→ **Information provided**
┌────────

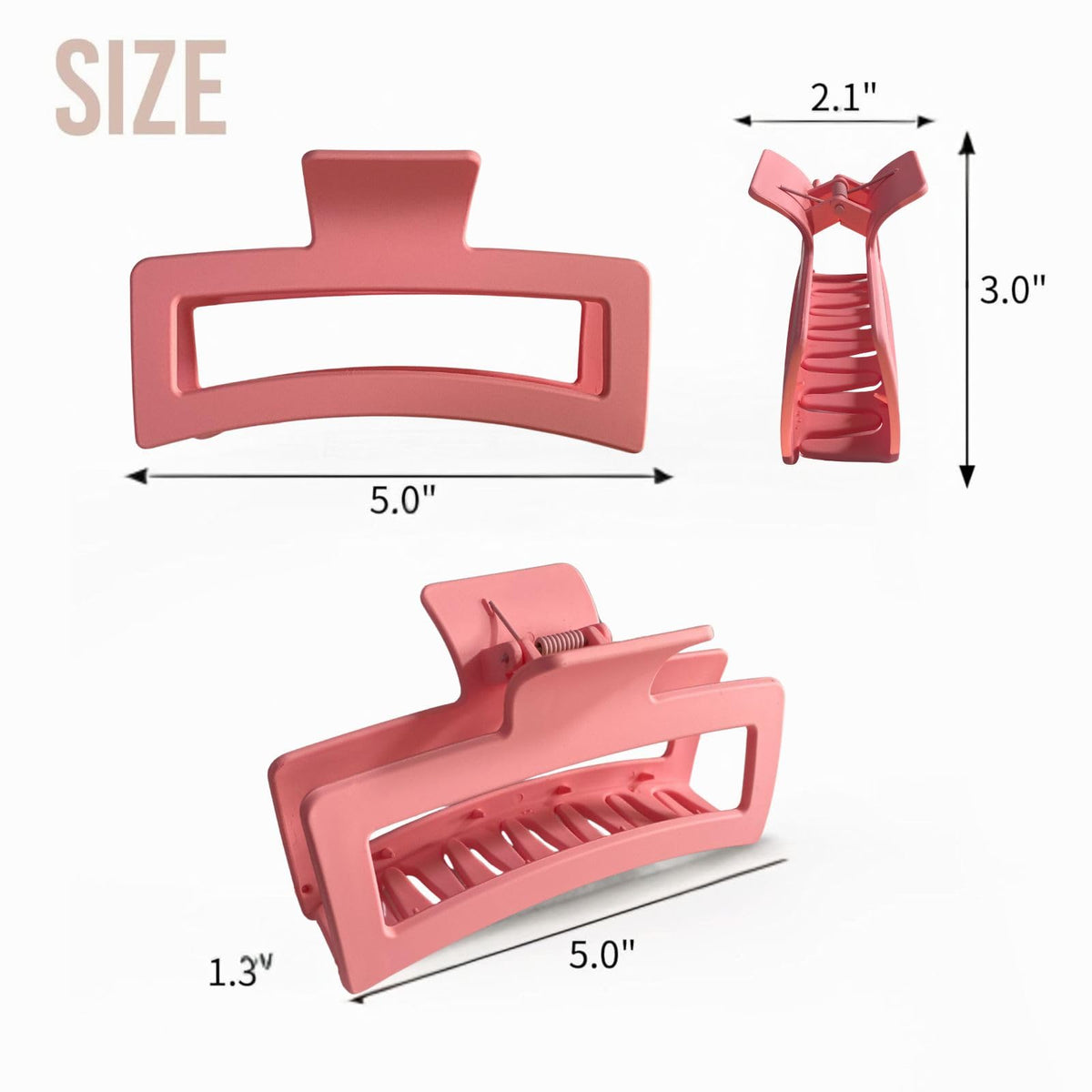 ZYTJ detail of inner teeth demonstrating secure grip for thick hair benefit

└────────
┌────────

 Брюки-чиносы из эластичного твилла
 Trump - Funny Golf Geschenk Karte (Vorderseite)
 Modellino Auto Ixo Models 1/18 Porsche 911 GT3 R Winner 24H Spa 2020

└────────
┌────────

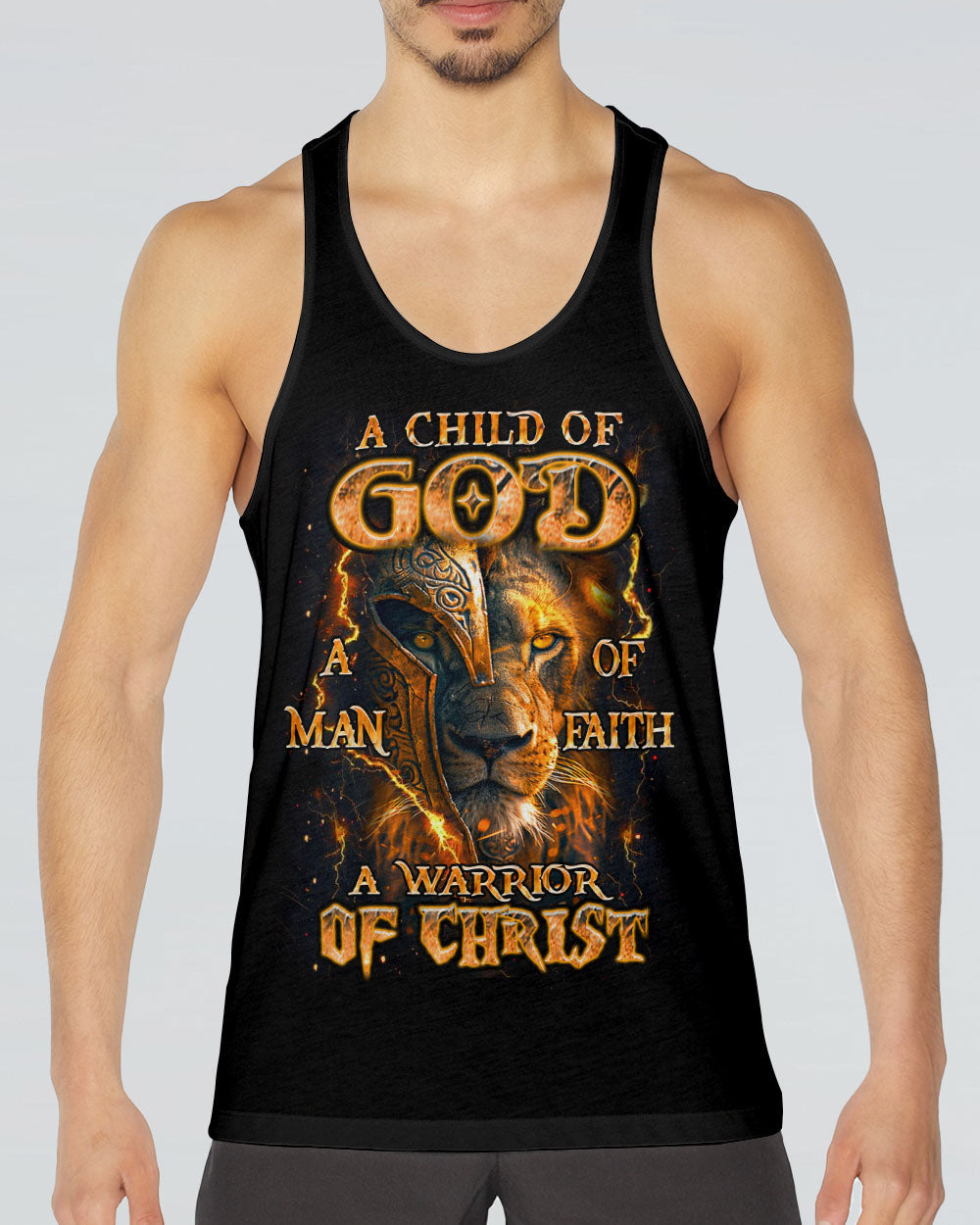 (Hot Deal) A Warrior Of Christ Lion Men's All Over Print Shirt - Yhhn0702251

└────────

→ **Exercise description**
In the entries above, find the line with "Trump - Funny" and the line with "Modellino Auto Ixo", then set down exactly those two and every line between them, nothing else.

→ **Answer section**
 Trump - Funny Golf Geschenk Karte (Vorderseite)
 Modellino Auto Ixo Models 1/18 Porsche 911 GT3 R Winner 24H Spa 2020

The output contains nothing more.